◆ Task item: Each line from the one containing "ORAFLUKE 100ML" to the end of the entries below is to be set down exactly; the pictures are not.

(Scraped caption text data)
<<<<

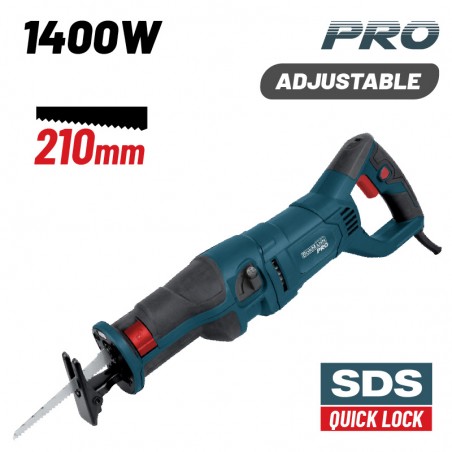 BRS2000 Σπαθόσεγα 1400W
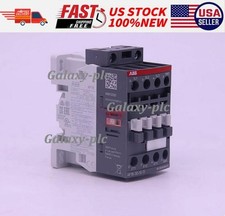 1PC ABB AF16-30-10-13 3p 16a 100-250v Contactor NEW IN BOX US Free TAX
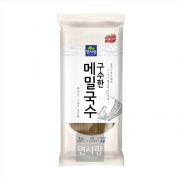 면사랑 구수한 메밀국수 1kg 15봉 1박스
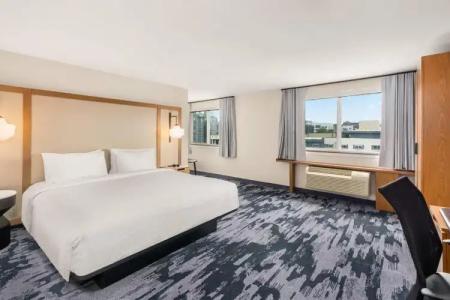 Fairfield Inn & Suites by Marriott Seattle Downtown/Seattle Center - 45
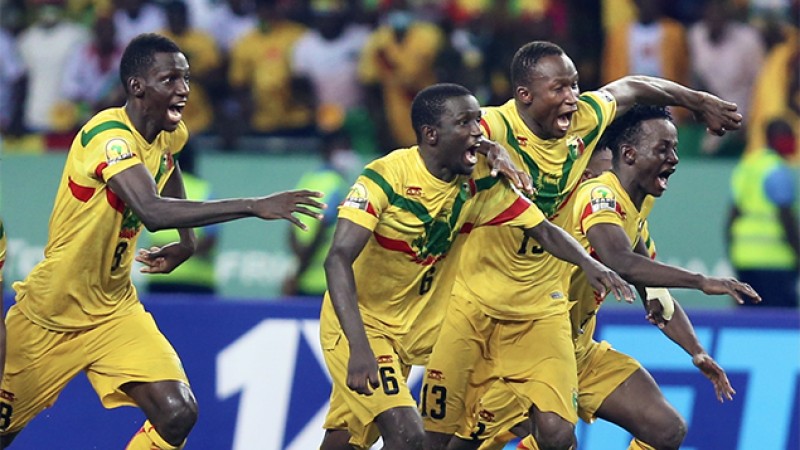 منتخب مالي يبلغ الدور النهائي على حساب نظيره الغيني 'بطولة إفريقيا للاعبين المحليين(نصف النهائي)'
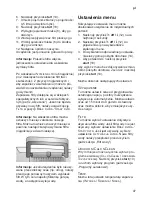 Preview for 51 page of Bosch TES502 series Instruction Manual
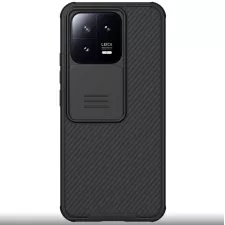 obrázek produktu Nillkin CamShield PRO Zadní Kryt pro Xiaomi Redmi Note 13 Pro 5G/ Poco X6 5G Black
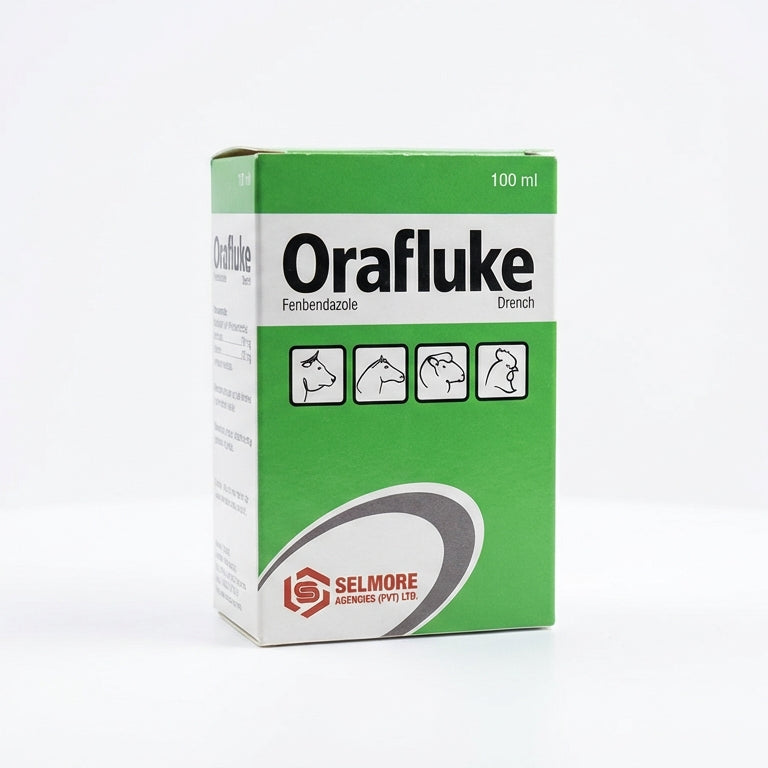 ORAFLUKE 100ML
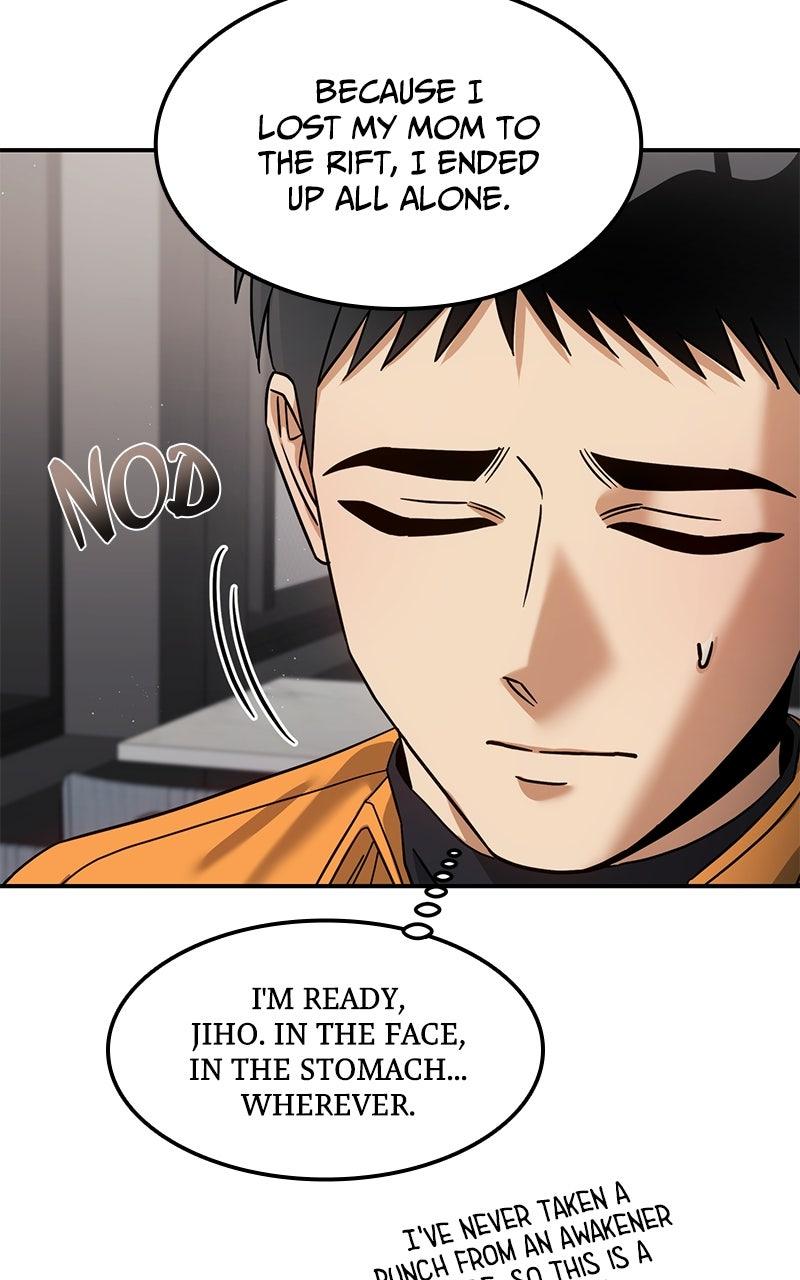 The Hunter Next Door Chapter 17 - Page 53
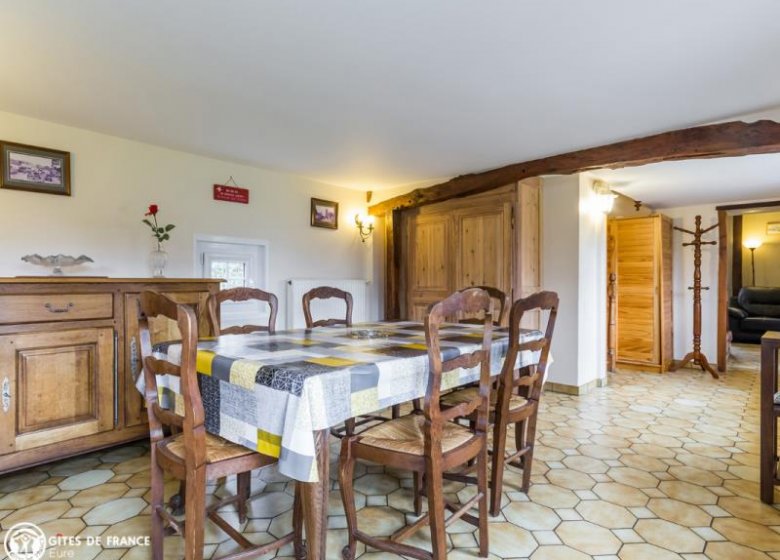 Gîte Les marronniers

>>>>

◆ Written answer:
 ORAFLUKE 100ML
 The Hunter Next Door Chapter 17 - Page 53
 Gîte Les marronniers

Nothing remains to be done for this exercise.